I intend to fight obstruction with action, Obama said.
We bet on American workers. We bet on American ingenuity. And tonight, the American auto industry is back.
Tonight, my message to business leaders is simple: Ask yourselves what you can do to bring jobs back to your country, and your country will do everything we can to help you succeed.
My message is simple. It's time to stop rewarding businesses that ship jobs overseas, and start rewarding companies that create jobs right here in America. Send me these tax reforms, and I'll sign them right away.
I'm announcing the creation of a Trade Enforcement Unit that will be charged with investigating unfair trade practices in countries like China. There will be more inspections to prevent counterfeit or unsafe goods from crossing our borders. And this Congress should make sure that no foreign company has an advantage over American manufacturing when it comes to accessing finance or new markets like Russia. Our workers are the most productive on Earth, and if the playing field is level, I promise you - America will always win.
Content/Substance: B+. Obama struck struck the correct balance between inspiration and practical ideas -- combined with the realpolitick power that is the presidency -- to let Congressional Republicans know: he wants a more-fair America, more-perfect union for all Americans: young, old, working-class and upper-income.
I'll oppose any effort to return to the very same policies that brought on this economic crisis in the first place, Obama said.
No, we will not go back to an economy weakened by outsourcing, bad debt, and phony financial profits, Obama said. Tonight, I want to speak about how we move forward, and lay out a blueprint for an economy that's built to last -- an economy built on American manufacturing, American energy, skills for American workers, and a renewal of American values.
And, he borrowed a page from former President Bill Clinton's political playbook: deploy populist themes, without using the phrase populist.
President Bill Clinton said: If you work hard, play by the rules, you out to be able to earn enough to live a decent life.
On Tuesday night President Obama said, Americans who work hard and play by the rules every day deserve a government and a financial system that does the same.
Overall State of the Union Grade: B+
Up Ahead In An Election Year: Hard Work
Still, an effective presentation and a substantive, positive speech never is enough, in and of itself -- and will not be enough in 2012 -- to determine the outcome of a presidential election.
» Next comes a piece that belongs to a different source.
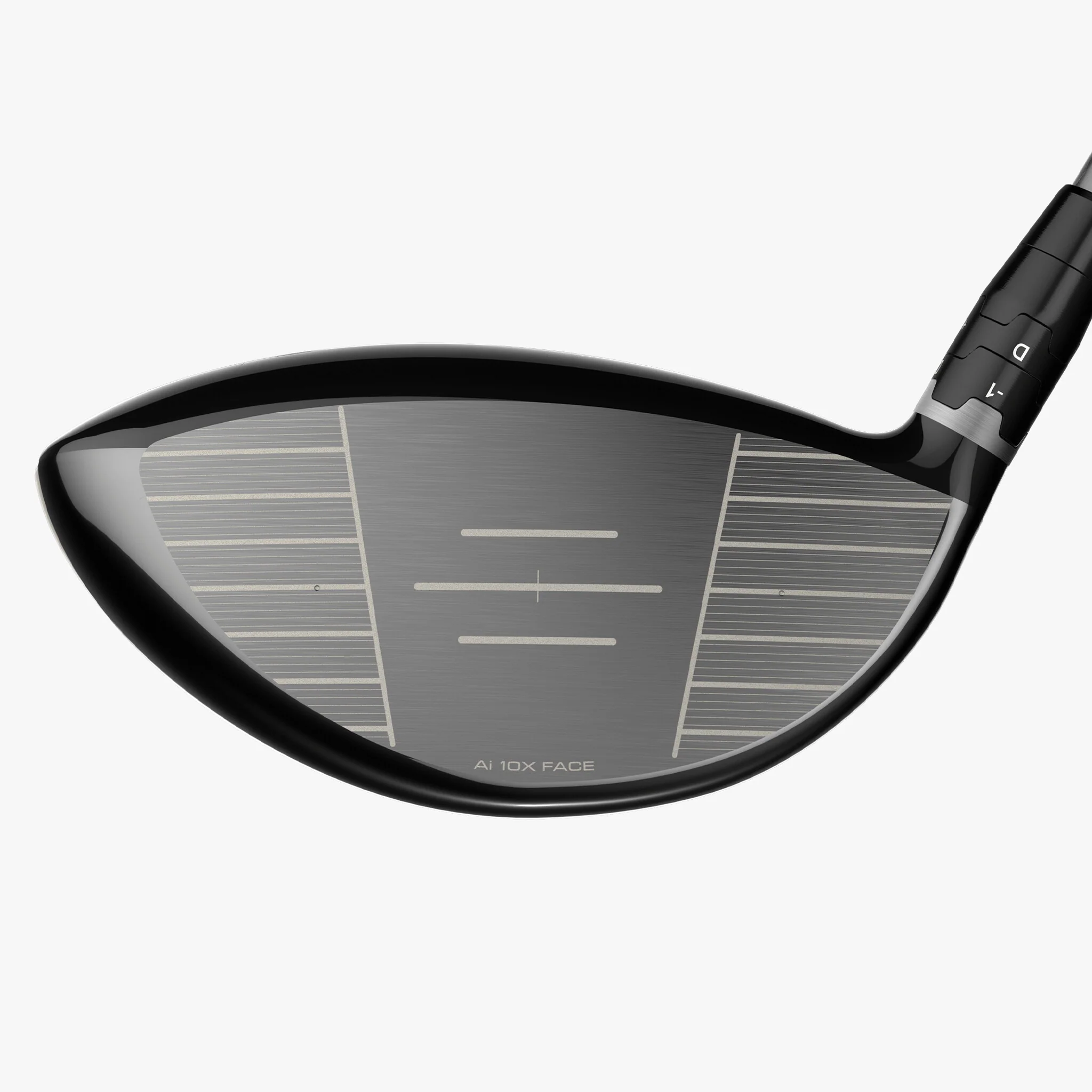 Callaway Elyte Sandstorm Triple Diamond Max Driver - Image 5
In other words, whether you thought President Obama gave a great speech Tuesday night or not, Obama's re-election chances in November will hinge on his administration's ability to fix the economy, all other factors being equal. Moving forward, inadequate job growth of 150,000 jobs per month or less, and Obama probably will be voted out of office; adequate job growth above 200,000 jobs per month, and Obama will likely be re-elected.
Hence, Obama in 2012 faces, arguably, one of the most daunting first-term election years in the modern/postmodern era. Having inherited the financial crisis and the nation's worst recession on inauguration day 2009, Obama was then compelled to offer a smaller fiscal stimulus than what many Keynesian economists said would be necessary to get the U.S. economy growing at a strong rate. The result? Two and a half years in to the economic recovery, a sub-adequate GDP growth rate has left the U.S. with an unacceptably high unemployment rate of 8.5 percent. The nation is also short at least 10 million full-time jobs.
Part of the responsibility for that high unemployment rate rests with the Republican-led U.S. House of Representatives, the other factor in Washington's gridlock. But that doesn't and won't matter for U.S. voters, who historically see the U.S. president as manager of the economy and hold him/her responsible for its performance. In sum, Obama has about eight months to rev-up GDP growth and create jobs, and the state of the union address is but the first step that outlines how he intends to successfully complete that enormous task.